Help Make Sense of Crazy Steve Cuozzo
So, Streetsblog is well past the point of bothering to rationally rebut anything that Post columnist Steve Cuozzo has to say on the subject of re-engineering streets for greater safety. The man clearly has a few screws loose, and, in the words of midtown BID impresario Dan Biederman, “He doesn’t know this field. He just loves to scream and rant about it.”
But after reading today’s out-of-touch diatribe about the Columbus Avenue bike lane, I’m still scratching my head, trying to puzzle out exactly why the Cuozz loves to scream and rant about this stuff so much.
You have the conventional theories. Bike lane rants goose pageviews. The Post is a reactionary Murdoch-financed rag that couldn’t care less about actual New Yorkers wanting to make their streets safer. And Gothamist’s favorite explanation: Cuozzo is just a grumpy old man, like Abe Simpson with column inches.
I’m starting to think there’s something else going on, though. Some deep psychological need embedded in Cuozzo’s amygdala that compels him to write this garbage.

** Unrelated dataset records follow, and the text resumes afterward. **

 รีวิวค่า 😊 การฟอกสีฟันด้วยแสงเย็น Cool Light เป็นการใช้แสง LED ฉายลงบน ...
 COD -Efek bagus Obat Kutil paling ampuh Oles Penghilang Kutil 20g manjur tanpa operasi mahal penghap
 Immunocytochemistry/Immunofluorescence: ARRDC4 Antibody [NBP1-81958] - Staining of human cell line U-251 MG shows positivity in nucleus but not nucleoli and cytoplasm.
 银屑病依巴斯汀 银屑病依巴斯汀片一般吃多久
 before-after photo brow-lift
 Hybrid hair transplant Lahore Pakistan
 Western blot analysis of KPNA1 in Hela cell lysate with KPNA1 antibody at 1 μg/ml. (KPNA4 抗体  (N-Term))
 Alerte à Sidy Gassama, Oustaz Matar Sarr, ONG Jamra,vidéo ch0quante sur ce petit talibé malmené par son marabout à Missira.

It could be a manifestation of obsessive-compulsive disorder, as Cuozzo’s extreme discomfort with “vehicles unattractively parked in the middle of the street” suggests. In other words: Who cares if fewer pedestrians are getting injured with the new parking arrangement! Streets are absolutely perfect when cars are parked by the curb, and the street must not deviate from the perfect arrangement!

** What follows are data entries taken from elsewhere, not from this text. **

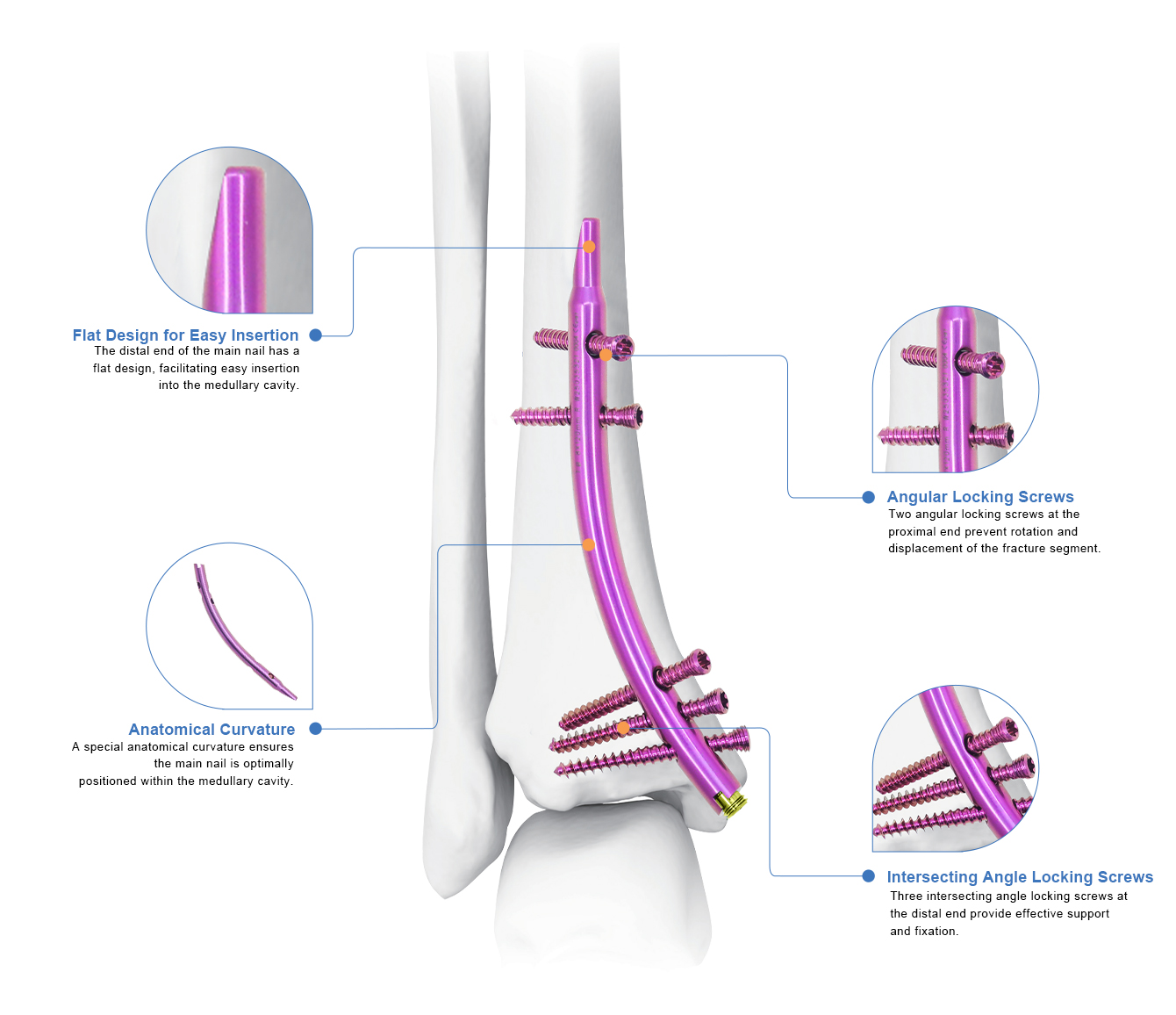 Distal Tibial Intramedullary Nail (DTN)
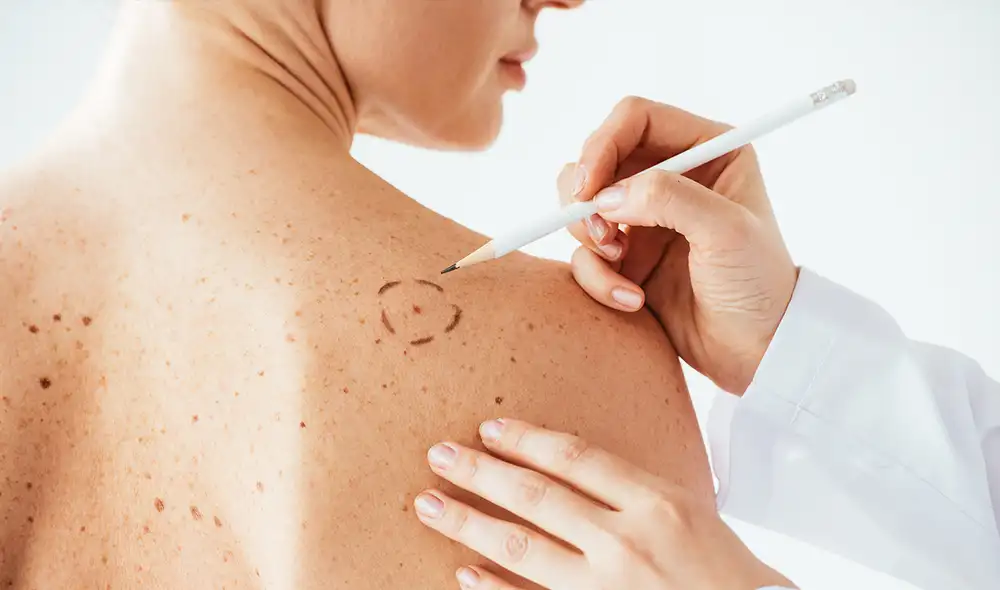 El melanoma representa aproximadamente el 5% de los cánceres de piel y puede ser muy agresivo. Foto: Quironsalud El melanoma representa aproximadamente el 5% de los cánceres de piel y puede ser muy agresivo. Foto: Quironsalud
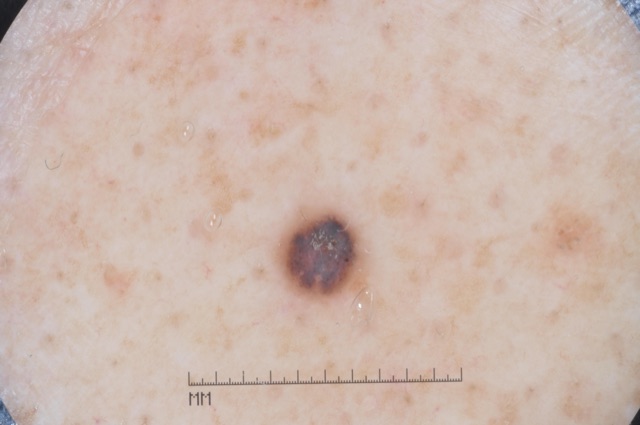 Petite papule ronde violacée à brun sombre, à bords nets, isolée sur une peau semée de taches brun clair.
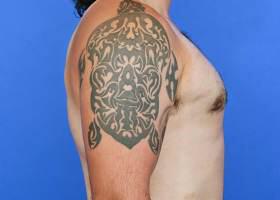 Gynecomastia Surgery Before & After Image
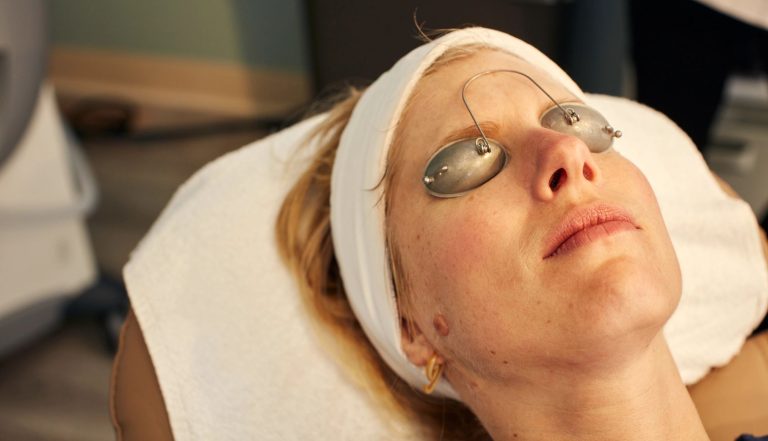 What You Need To Know About Facial Or Chemical Peels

It could be a form of stalking, where the object of Cuozzo’s obsession is bike lanes. The amount of time Cuozzo spends monitoring bike lanes certainly seems obsessive. “I’ve watched it repeatedly, at all hours and in all weathers, on weekdays and weekends,” he says of the Columbus Avenue lane. Yes, “all weathers.” While the rest of us were holed up during Hurricane Sandy, apparently, Cuozzo was out there watching a bike lane.

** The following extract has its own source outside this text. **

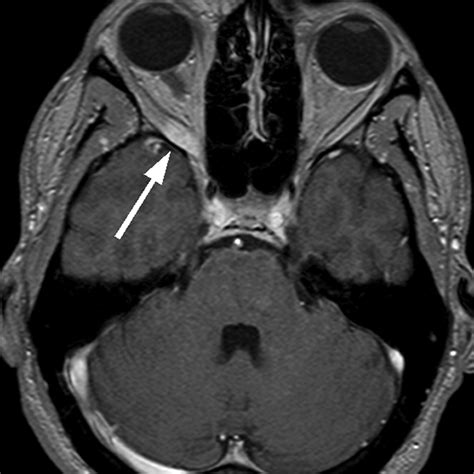 Recurrent Orbital Myositis Mimicking Sixth Nerve Palsy: Diagnosis with ...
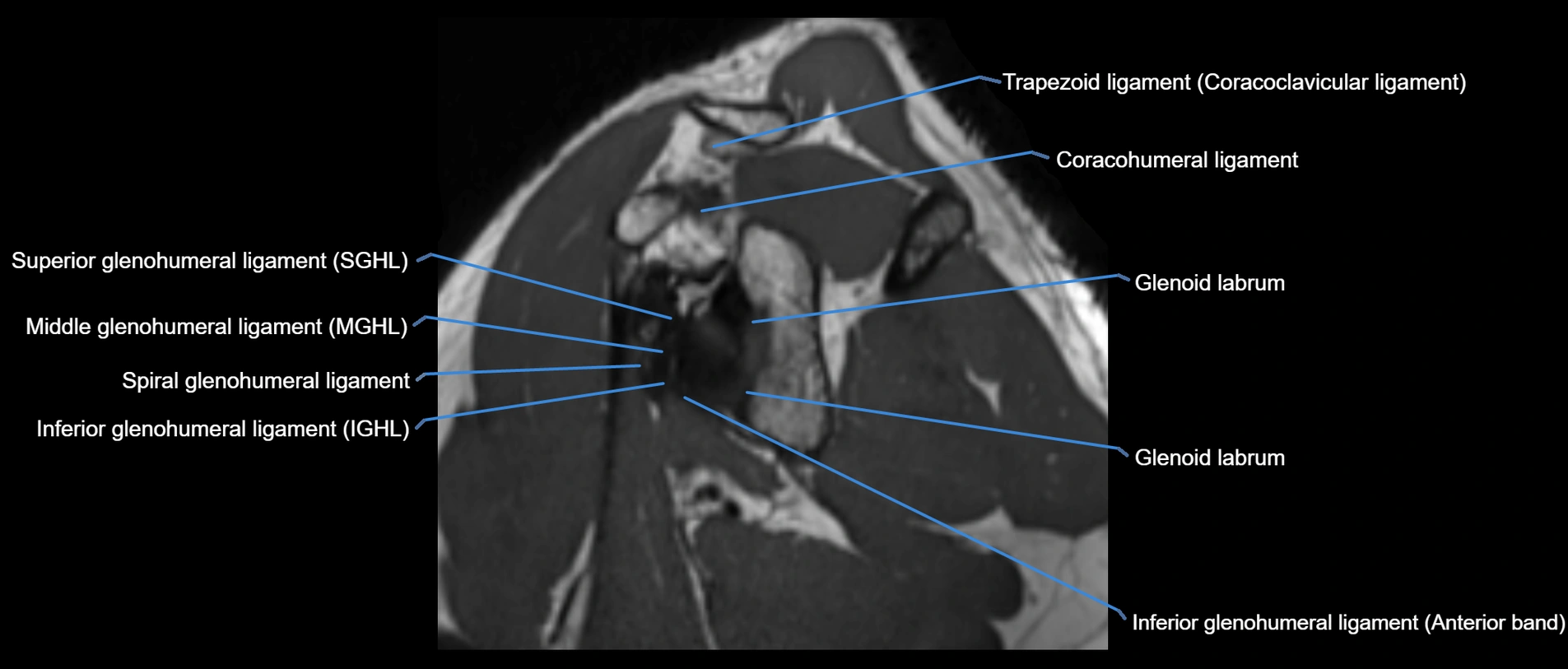 shoulder ligaments sagittal  cross sectional anatomy 3T MRI AI enhanced radiology image -img-00001-00024.webp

It could be some childhood trauma that’s blocking Cuozzo from embracing the infrastructure that would clearly give him great joy, if he would only allow himself to use it. “Growing up on Long Island,” he writes, “I lived on a bike.” Transplanted to New York, though, he finds traffic too dangerous to ride here, “with or without bike lanes.” While many New Yorkers would probably agree with Cuozzo that they don’t feel safe enough riding on the streets as they exist today, most of us think bike lanes are a good thing. Personally, I think one of the reasons they’re good is that they can help people overcome their fear of riding in traffic, especially if there’s a connected network that can get you from point A to point B.
Maybe some awful encounter with a motorist on the peaceful, bikeable streets of Cuozzo’s idyllic Long Island childhood is preventing him from seeing how the Columbus Avenue bike lane extension would create a safer, useful connection to other parts of the city.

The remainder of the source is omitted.